Did you know that many babies began to swim long before they could learn to walk?
Infant swimming is the wonder of human babies and toddlers reflexively gliding themselves through the water and altering their heart and respiration rate in response to being submerged. If your little one isn’t old enough walk, teaching and encouraging them to swim as early as possible help build his health and ensure safety.
And besides, doesn’t your baby look cute in her custom swim cap and bathing suit?
How early is too early?
Traditionally, swim lessons begin at age four, where kids were considered developmentally ready.
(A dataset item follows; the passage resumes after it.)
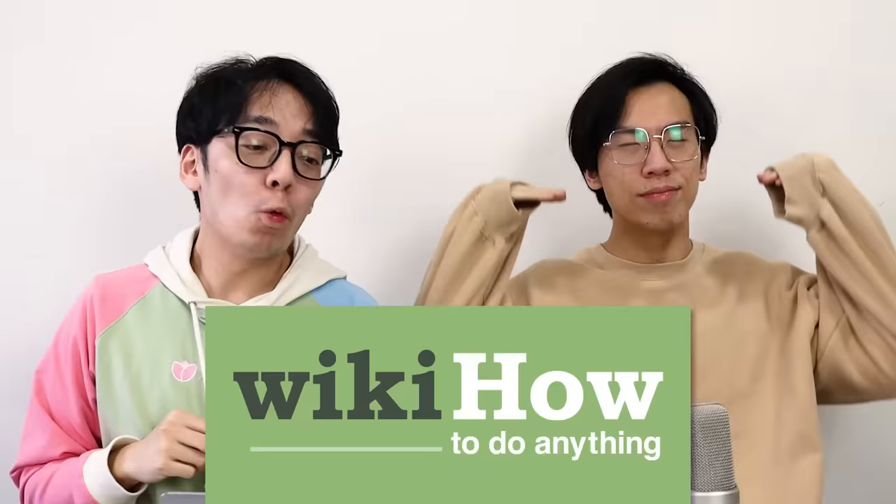Whoa! It works! Whoa! Hello everyone, welcome to another episode of TwoSet Violin. Today, I'm going to learn how to get perfect pitch. Like Eddie. We have a trustworthy WikiHow, and I'm gonna see by the end of it if I magically... you know, we'll see.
However, swimming lessons for infants in many accredited swim schools have become common. According to Ed Pemberton, owner and director Adventure Swim School, in Knoxville, TN, a baby that can hold his or head up (usually at 3 to 4 months) is ready for swimming lessons. They should also be immersed in temperatures between 86 and 92 degrees.
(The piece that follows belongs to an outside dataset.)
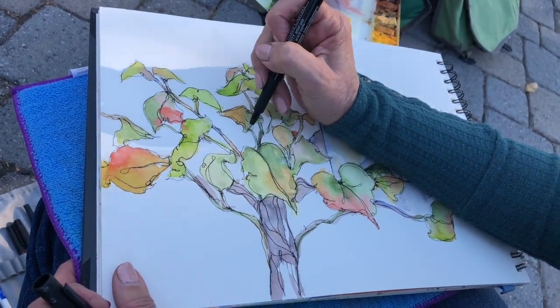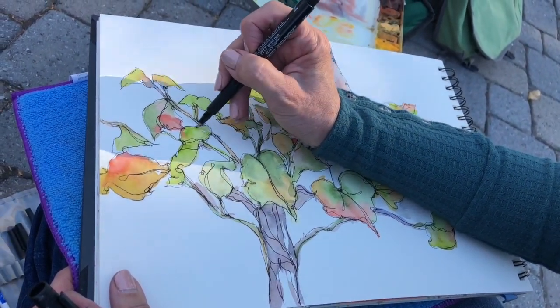Thanks for holding that, Heather. Do you want to paint now? I can take it.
Due to delicate immune systems, doctors suggest that parents keep babies from chlorinated swimming pools or lakes until they are 6 months old. At a young age, they can master floating on their backs, which is a life-saving strategy.
Infant swimming has a lot of long-term benefits for the child’s well-being. Here are 7 of them.
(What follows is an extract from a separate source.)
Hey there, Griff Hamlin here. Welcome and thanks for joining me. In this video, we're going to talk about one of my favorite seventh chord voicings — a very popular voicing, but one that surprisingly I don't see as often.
- Swimming boosts brain power
Swimming improves the cognitive ability. The activity requires bilateral cross-patterning movements, and getting introduced to these at a young age helps your baby’s brain grow.
These movements build neurons throughout the brain. Down the road, exercising their cognitive abilities helps improve reading skills, language development, academic learning, memory, and spatial awareness.
Need more proof? A study of over 7000 children by the Griffith University in Australia concluded that swimming children were more advanced in mental and physical development than their non-swimming peers.
- Swimming enhances physical health
Who doesn’t want their children to grow as active, vigorous, and healthy as possible? Immersing your little one in the water is one great way to go.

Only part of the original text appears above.